With regards to membership of the scientific review group,

The membership of the scientific review group would reflect the scientific disciplines required, experience of product development, gender balance and representation of disease-endemic countries, taking into account the expanded scope of diseases from the Special Programme’s current mandate. Management of conflicts of interest for members of the scientific review group would follow WHO’s current policy for expert committees.

The Director-General’s report makes clear that the establishment of the pooled fund and the Global Observatory is contingent on the availability of new funding sources. The report that fundraising for the pooled fund and the global observatory falls under the purview of the WHO not TDR.

The report provides the following models of financing for consideration:

(i) Some organizations rely on ad hoc voluntary contributions, including the Special Programme for Research and Training in Tropical Diseases and the UNDP/UNFPA/UNICEF/WHO/World Bank Special Programme of Research, Development and Research Training in Human Reproduction, as well as most product development partnerships. The disadvantage of such a mechanism is that funding is difficult to predict.

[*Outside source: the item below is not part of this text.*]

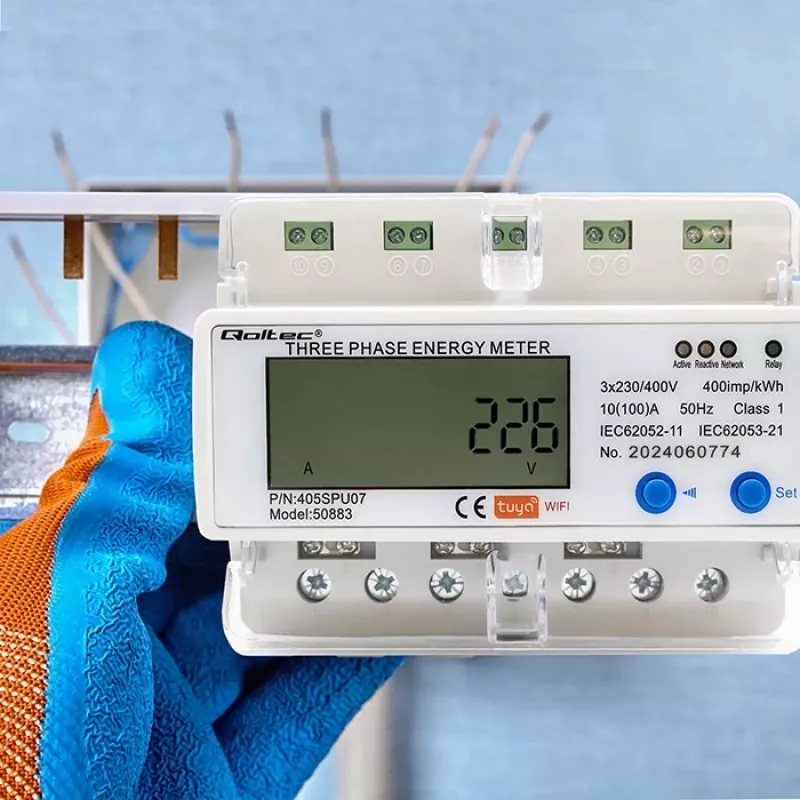 Kolmefaasiline energiaarvesti QOLTEC 50883 Wi‑Fi 400V LCD-ekraaniga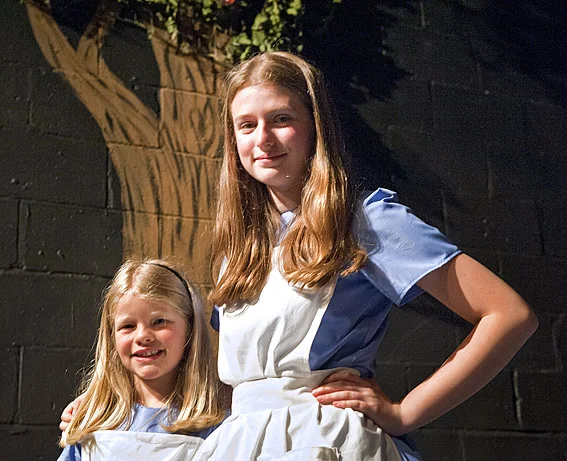 ALC-0038D Alice in Wonderland, Harlequin Theatre, Northwich, Cheshire.jpg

(ii) Other organizations use a replenishment model, in which each donor independently fixes its contribution in the form of a pledge. Pledges are public, legally non-binding statements on planned contributions. Contributions are voluntary as donors themselves fix the amount of pledges, but such a mechanism provides for some planning security as pledges span a certain time period. Examples of this model are the Global Fund to Fight AIDS, Tuberculosis and Malaria, the International Drug Purchase Facility (UNITAID) and the GAVI Alliance, with the latter using additional innovative financing mechanisms.Countries may want to consider implementing innovative funding mechanisms at national or regional levels to raise financial resources and to ensure a sustainable flow of funding. The pooled fund should also be able to accept voluntary, preferably unspecified funding by non-State actors such as philanthropic foundations following WHO’s rules on acceptance of donations. The Special Programme for Research and Training in Tropical Diseases will ensure appropriate management of conflicts of interest in subsequent decisions on allocation from the fund, in other words that such contributions have no impact on the process of selection of projects

In terms of the financial management of the fund, the report provides two options for EB136 to consider.

FINANCIAL MANAGEMENT OF THE FUND

11. There are two main options for the financial management of the fund account (receiving donations and making payments). If the fund is held directly by the Special Programme for Research and Training in Tropical Diseases, the current arrangement is for WHO to implement an administrative charge that covers costs associated with the administration of the Special Programme’s designated funds. Alternatively, the fund could be held as a trust fund account by a third party, for example, the World Bank, which is a cosponsor of the Special Programme. The third party trustee would disburse funding on the Joint Coordinating Board’s instruction, in line with the Health Assembly’s recommendation regarding the division of the research and development fund. It would invest the funds according to the trustee’s investment strategy and report on financial management to the Joint Coordinating Board. These options are being investigated in order to identify the most
efficient mechanism.

As the global health community considers establishing a pooled fund for R&D, predicated upon the principle that R&D costs must be de-linked from product prices, there is a window of opportunity to pave the way for creating global norms on R&D funding. Of course this is contingent on countries stepping up to the plate.